The military has changed a lot over the past few years. Don't Ask, Don't Tell (DADT) was repealed in 2011, and in 2013, the ban on women in combat roles was lifted. Advocates for the removal of these bans felt that members of the LGBT community and women were being unfairly denied the ability to serve their country. In the case of women specifically, advocates have said that women are capable of performing as well as men can if given the opportunity.
The subject is a definite can of worms. Now that the 1994 ban on women in combat roles has been lifted, the military has until 2016 to open all combat roles to women or explain why they shouldn't have to. While for some this is a good move that will permit women to serve equally, to others it's a move motivated by political correctness and liberal ideas.
Former Navy SEAL Carl Higbie, a guest on Fox News on Sunday, argued that adding women to elite military units would disrupt cohesiveness, and that it "would be adding another variable."
"We're successful as an all-male force. Nothing against women, but I think they don't have a place. And I'm glad, Amber, you brought up standards because across the military, the standards are different for men and women in all fields. And it's only a matter of time before they push that into the SEAL community."Higbie was talking to Iraq veteran Amber Smith, who hinted that if a unit was weakened by the presence of women, it wasn't the women's fault.

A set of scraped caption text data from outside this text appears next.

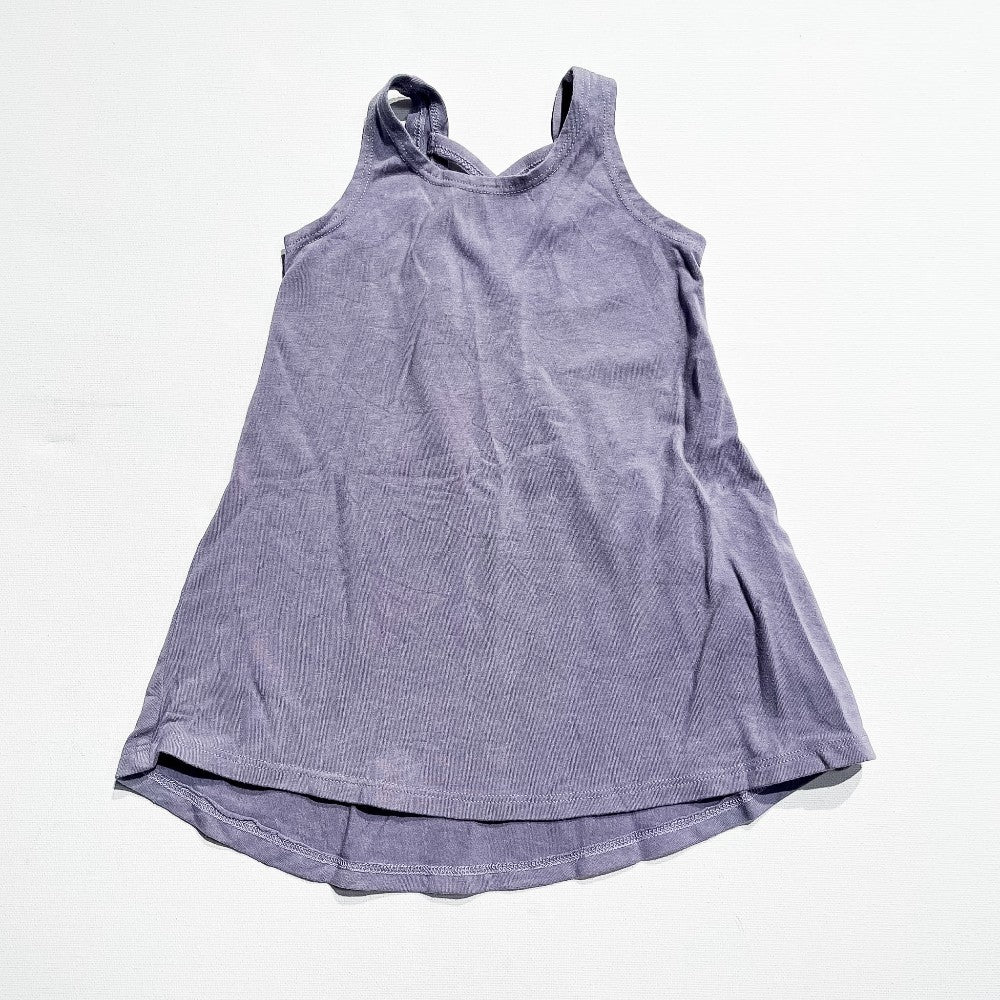 Jax & Lennon Dress 0-6M|220542
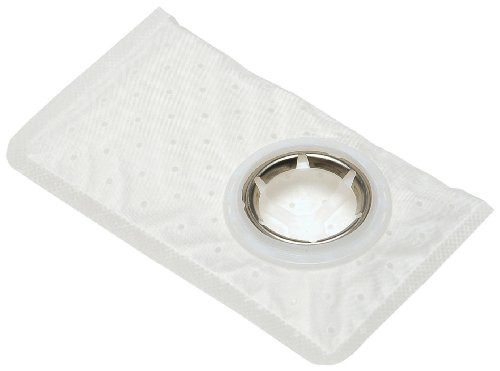 DELPHI FS0120 FUEL STRAINER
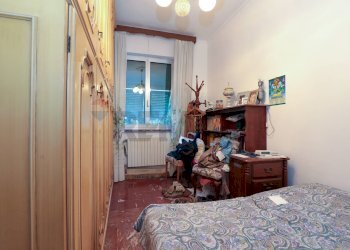 Casa indipendente Livellato, Ceranesi, Ceranesi - foto 109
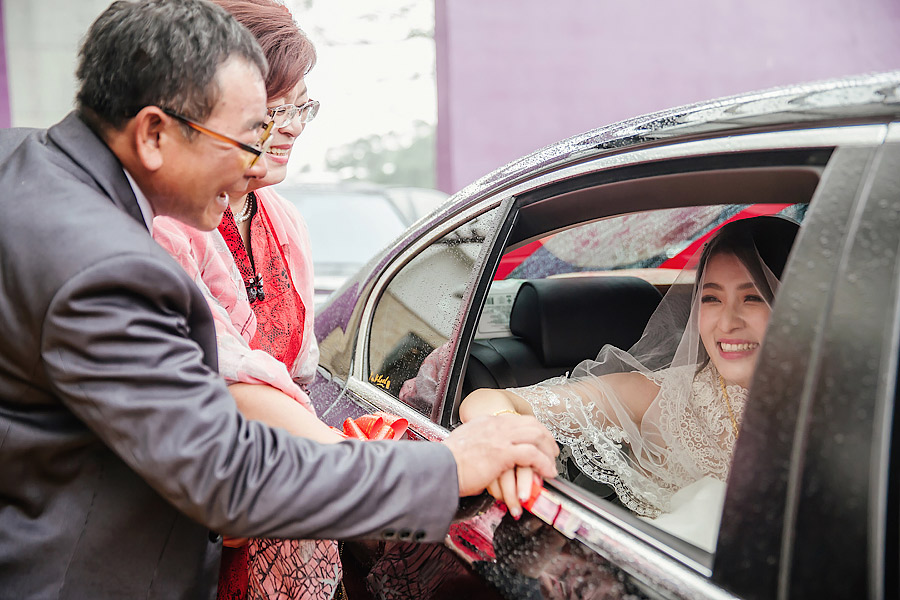 婚攝,台北婚攝,南方莊園婚攝,諾富特婚攝, 女婚攝,風雲20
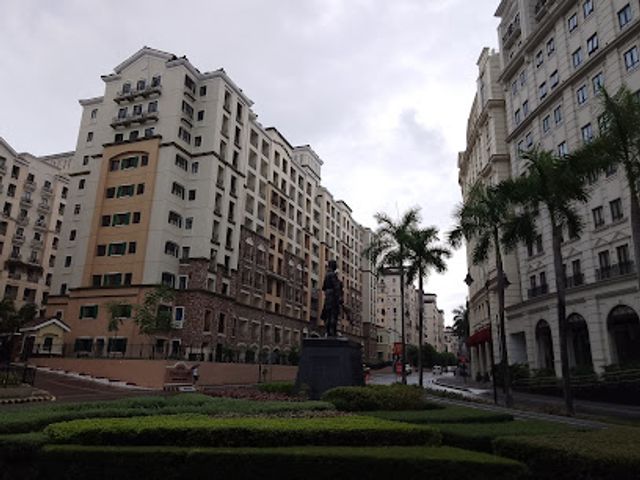 place photo 22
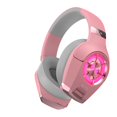 thumbnail image 4 of HECATEE GX Casque de Jeu Haute Fidélité, 4 of 8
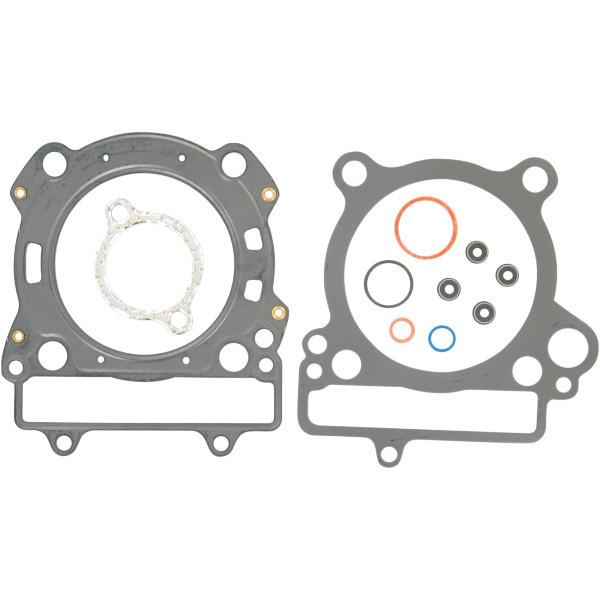 【USA在庫あり】 0934-2370 シリンダーワークス Cylinder Works ガスケットキット 06年-12年 KTM 250 ビッグボア用 SP店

"But it doesn't mean that it won't work. And I'm sorry, but I don't think the excuse of disturbing the good ol' boys club is a valid reason to try and assess for these units if they can meet the exact same standards that men do. I think it really comes down to the maturity and the professionalism of the unit."Some, like Higbie, have expressed fears that the military would eventually start the lower the physical requirements necessary to join the military or a specific unit. This has not happened, though some have pointed to the fact that the military doesn't always enforce gender-neutral standards.
Others have pointed out that lowering standards is not an example of inclusiveness, but that job-specific tests would be a good way to be thorough and still be fair to people of different sexes. Physical differences do exist, but that's not the only factor that needs to matter.
Of course, in some cases the desire to keep women out can come off sounding as though some people just don't want to see things change. Higbie explained that even if women were capable of meeting the requirements, that doesn't necessarily mean they should try.
"And the fact of the matter here is I don't think that just because some women somewhere probably could doesn't mean they should."Without a doubt, it's a change that will need a lot of trial and error, as well as a willingness to try drastically new things. But this hardly means the end of the military's effectiveness.